Supplied material ▸
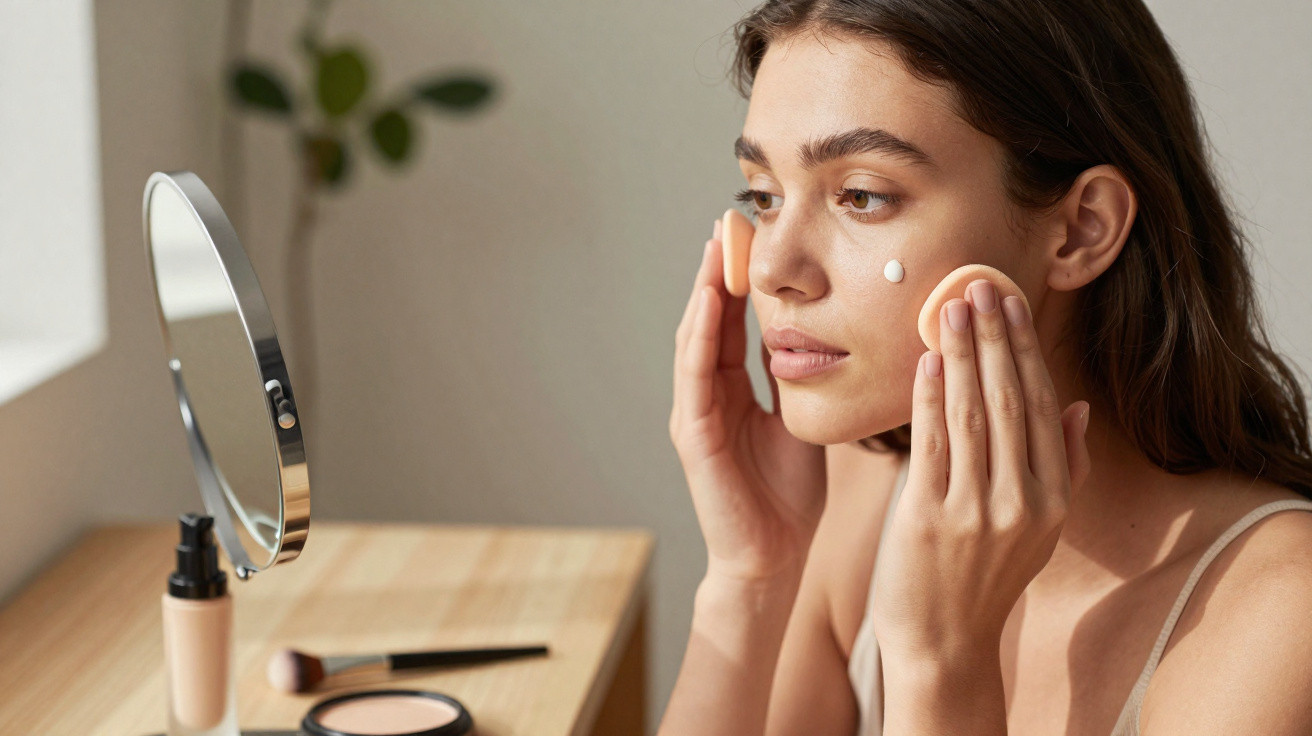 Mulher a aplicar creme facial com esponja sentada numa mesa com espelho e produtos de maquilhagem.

* * *

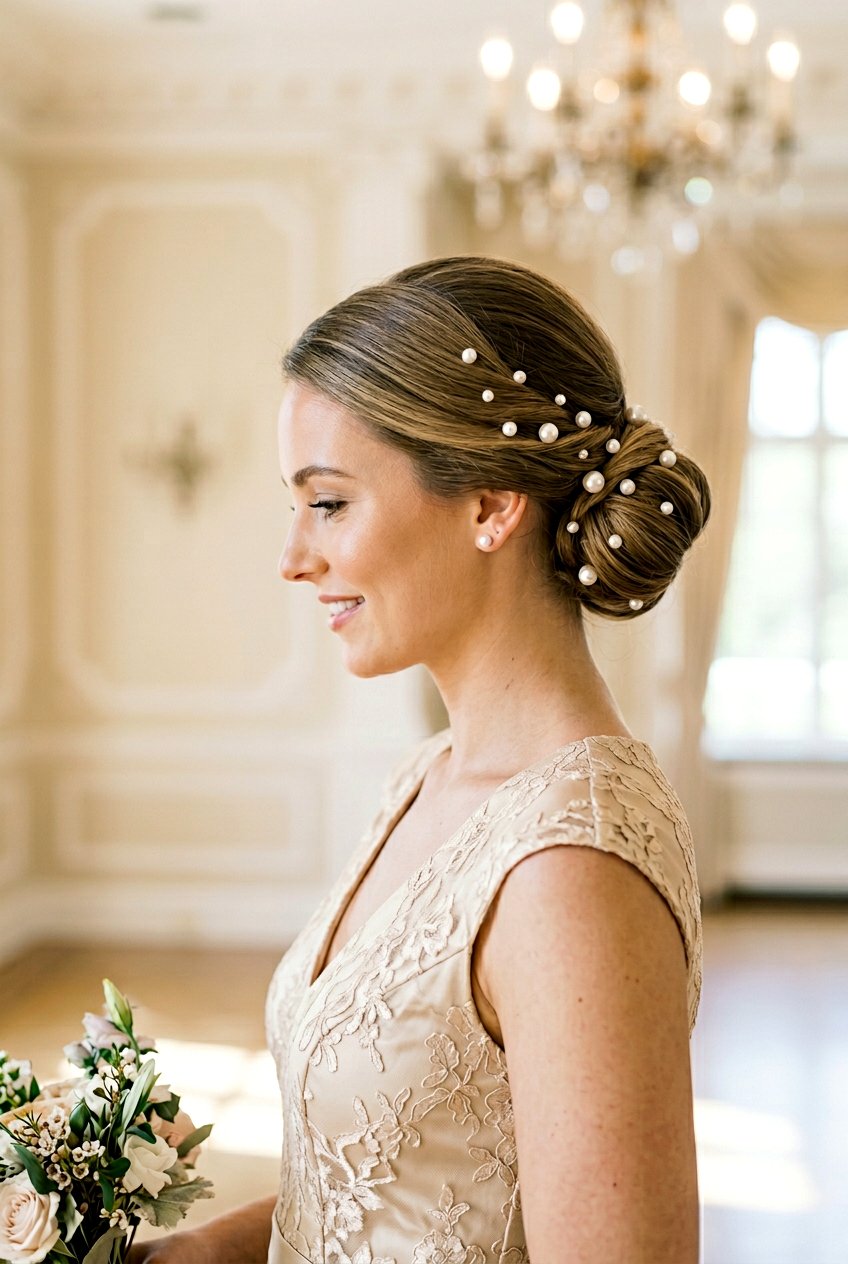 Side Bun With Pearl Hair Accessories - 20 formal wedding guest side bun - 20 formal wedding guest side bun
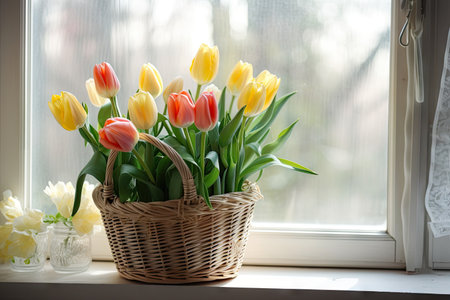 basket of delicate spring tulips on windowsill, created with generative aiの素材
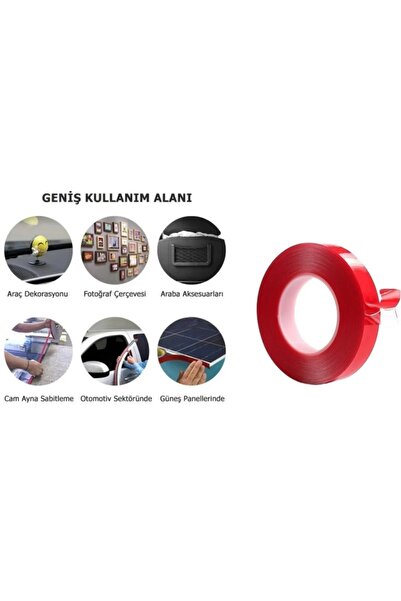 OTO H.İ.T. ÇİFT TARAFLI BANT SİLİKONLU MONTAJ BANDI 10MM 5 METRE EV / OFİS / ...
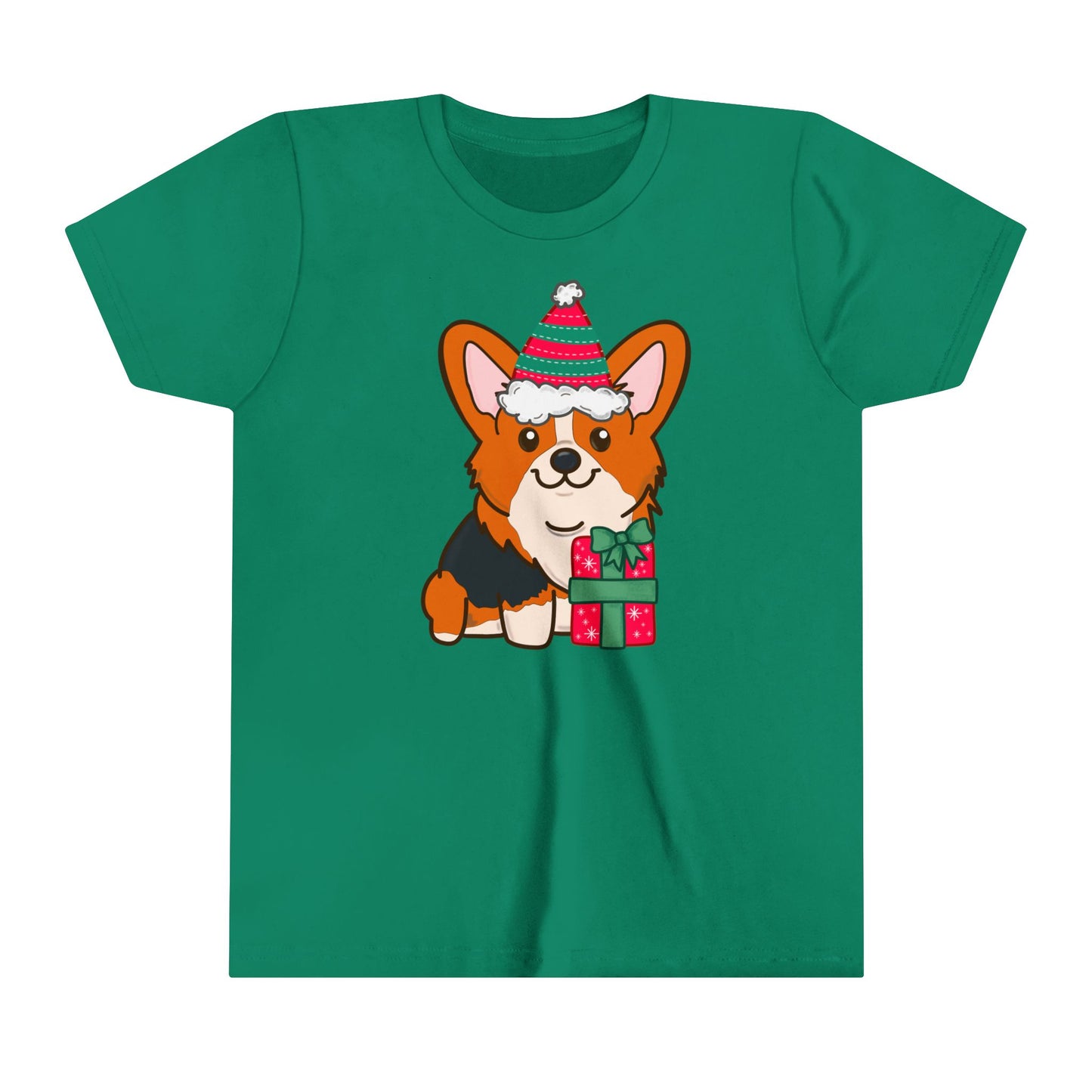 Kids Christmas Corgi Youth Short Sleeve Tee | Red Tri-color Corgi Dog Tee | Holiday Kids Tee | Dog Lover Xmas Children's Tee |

Your task ▸
From the line with "Side Bun With" up to and including the line with "Kids Christmas Corgi" above, retype every line exactly and nothing more; leave out the pictures.

Response ▸
 Side Bun With Pearl Hair Accessories - 20 formal wedding guest side bun - 20 formal wedding guest side bun
 basket of delicate spring tulips on windowsill, created with generative aiの素材
 OTO H.İ.T. ÇİFT TARAFLI BANT SİLİKONLU MONTAJ BANDI 10MM 5 METRE EV / OFİS / ...
 Kids Christmas Corgi Youth Short Sleeve Tee | Red Tri-color Corgi Dog Tee | Holiday Kids Tee | Dog Lover Xmas Children's Tee |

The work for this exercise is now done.